本の広場
芥川賞受賞作「むらさきのスカートの女」 今村夏子著
2019年発売、同年第161回芥川賞受賞
2010年「あたらしい娘」太宰治賞
受賞以後数々の賞を受ける。
投稿 福岡 山崎和雄
めったに読まない芥川賞受賞作品「むらさきのスカートの女」を読んでみましたが、実に奇妙な本でした。
「むらさきのスカートの女」がこの物語の主人公なのですが、この「むらさきのスカートの女」を観察している「ある人物」(「ある人物」という表現は筆者の言葉)がいます。その「ある人物」が語る物語です。
「むらさきのスカートの女」が、失業中でアルバイトで食いつなぎ、公園で時間を過ごしています。「ある人物」はそれを傍らで観ていました。「むらさきのスカートの女」は、幸いホテルの従業員に雇用されます。
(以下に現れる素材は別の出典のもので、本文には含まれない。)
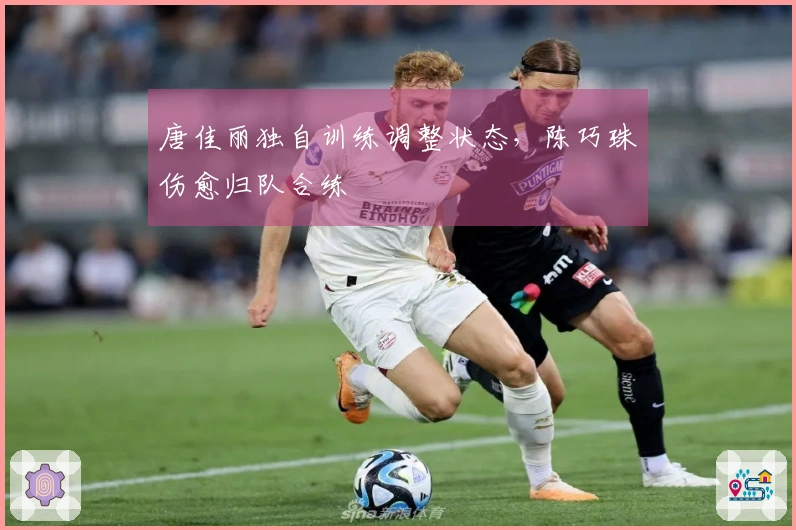唐佳丽独自训练调整状态，陈巧珠伤愈归队合练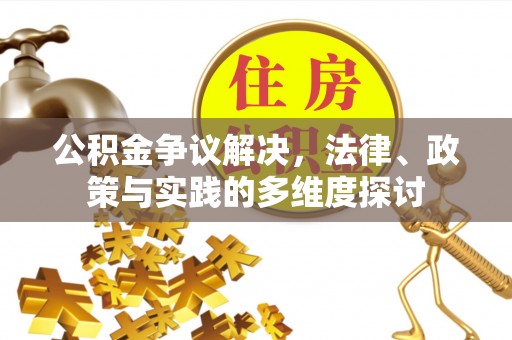 信赖公积金争议解决，法律、政策与实践的多维度探讨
「ある人物」もまた、そのホテルで働きます。(その経緯は一切無し)「むらさきのスカートの女」が、ホテル内部の悪習を知り、上司と不倫関係になり、トラブルから上司を怪我させ、失踪します。それをずっと傍らで観察していた「ある人物」は、「むらさきのスカートの女」に代わって、上司を脅し、(その後の経緯一切無し)「むらさきのスカートの女」がいた公園にいるという物語です。
主人公の「むらさきのスカートの女」を観察している「ある人物」は一体誰なのか?
それが最後までわからない奇妙な本です。私は、「ある人物」とは「むらさきのスカートの女」の分身で、私たち庶民の内心の願望ではないかと思いましたが、それも読む人ごとに多様な解釈ができそうです。そのわけのわからなさこそ芥川賞受賞の理由でしょうか?